_Material for the task_
___
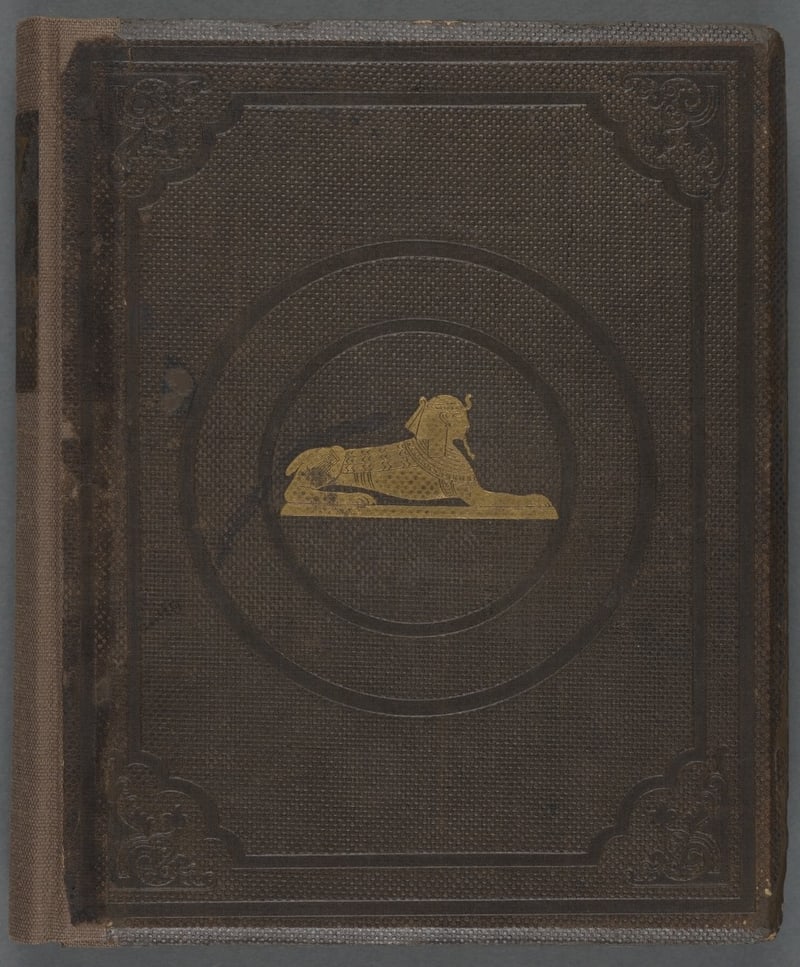 S083: Original brown cloth front board with gilt sphinx and blind-stamped ornament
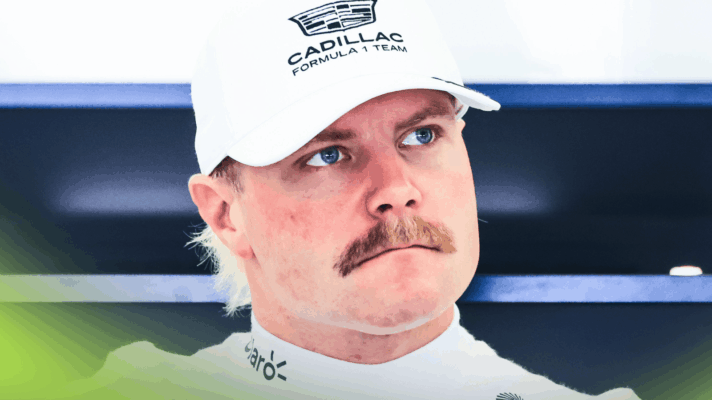 Valtteri Bottas wearing a white cap as he looks on in the Cadillac garage
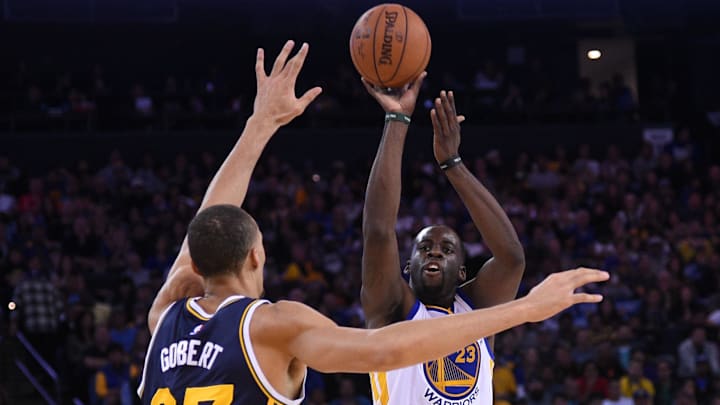 Golden State Warriors forward Draymond Green (23) shoots the basketball against former Utah Jazz center Rudy Gobert (27) during the second quarter at Oracle Arena. Golden State Warriors forward Draymond Green (23) shoots the basketball against former Utah Jazz center Rudy Gobert (27) during the second quarter at Oracle Arena.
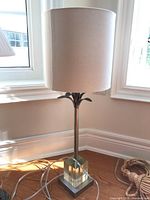 Full view of lamp showing beige cylindrical fabric shade and metal base with lucite accent, positioned near a window.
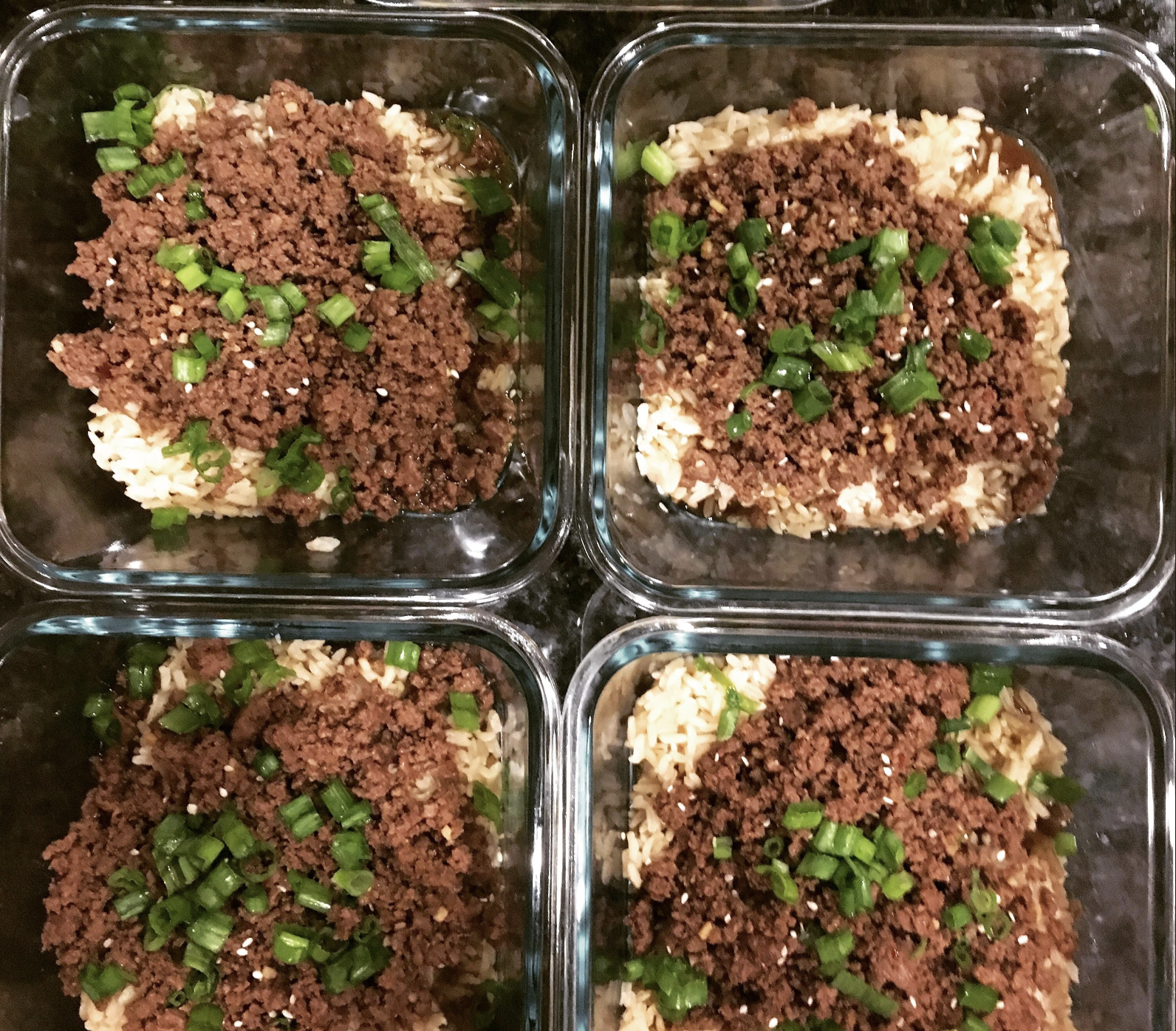Four glass meal prep containers filled with rice, topped with cooked ground beef, chopped green onions, and a sprinkle of sesame seeds. The containers are arranged in a two-by-two grid.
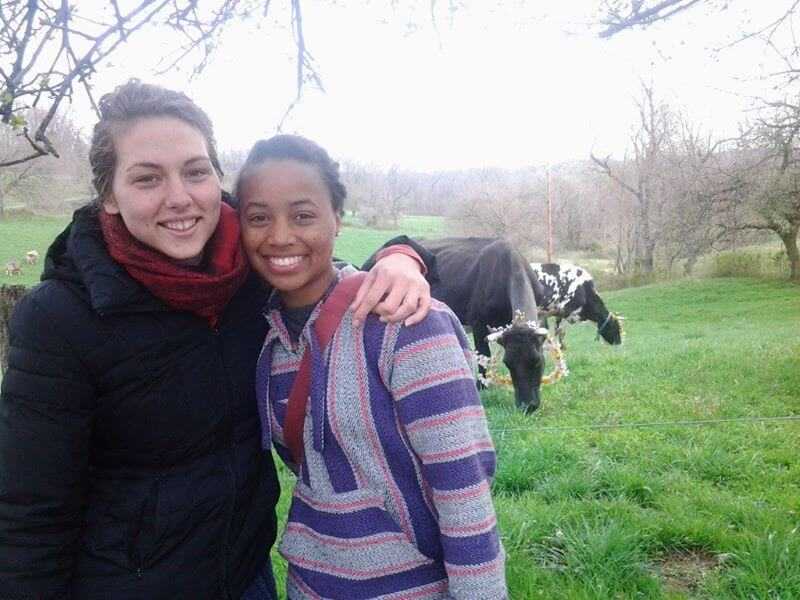 Brittany, wearing a pink and purple striped hoodie smiles with her arm around a friend who is also smiling while wearing a black coat and a red scarf. Behind them are two horses in a large field of trees and grass.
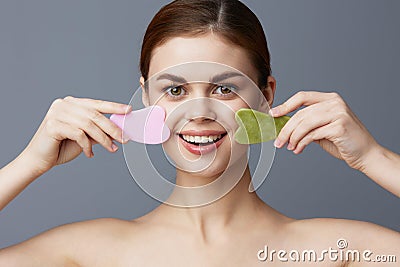 beautiful woman facial scraper skin care posing Gray background Stock Photo
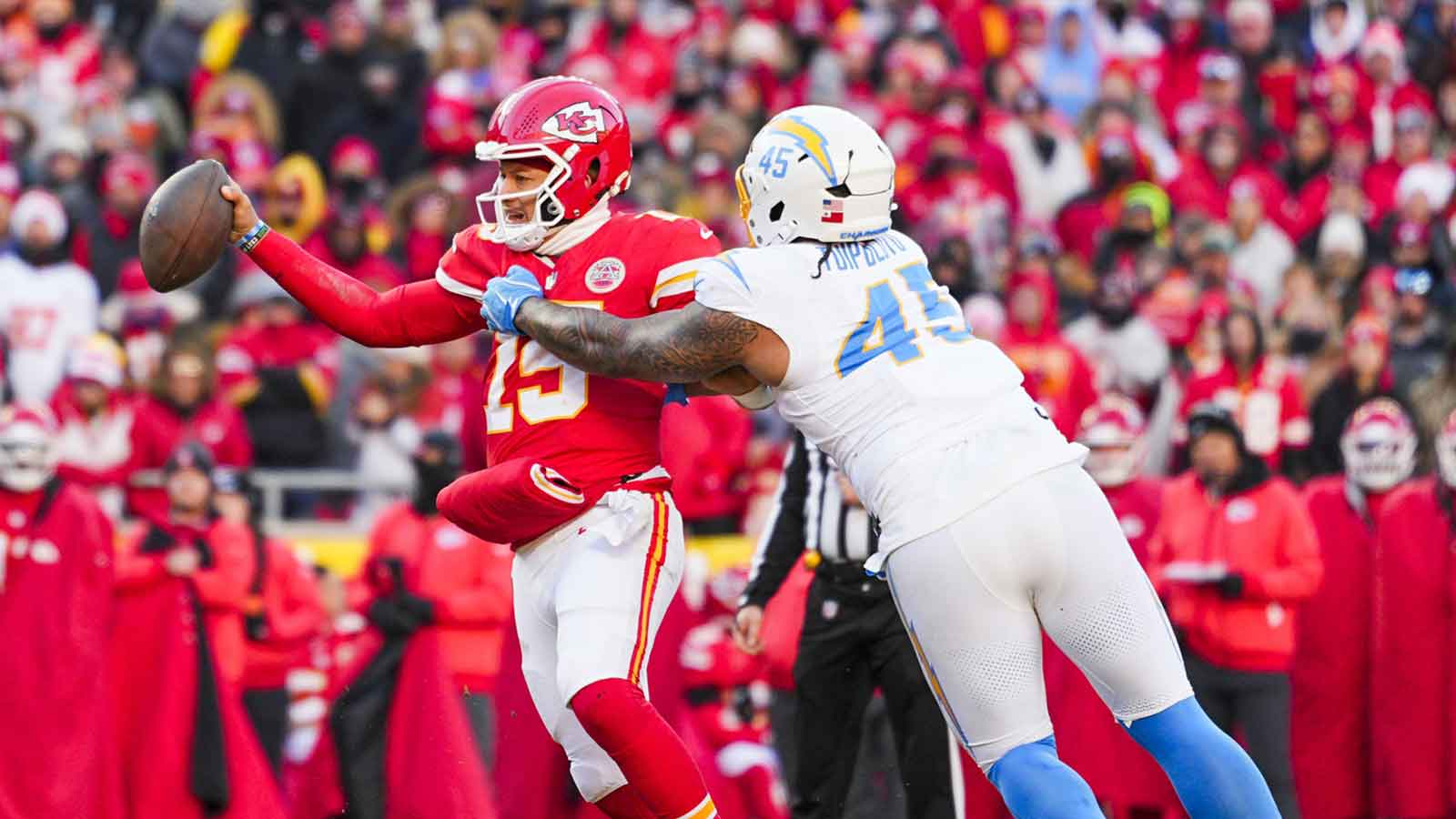 Los Angeles Chargers linebacker Tuli Tuipulotu (45) pressures Kansas City Chiefs quarterback Patrick Mahomes (15) during the fourth quarter at GEHA Field at Arrowhead Stadium.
___
_The problem_
Copy exactly, and copy nothing else: the lines from the start of the data above through the line that holds "Valtteri Bottas wearing". The pictures stay out.

_Solution_
 S083: Original brown cloth front board with gilt sphinx and blind-stamped ornament
 Valtteri Bottas wearing a white cap as he looks on in the Cadillac garage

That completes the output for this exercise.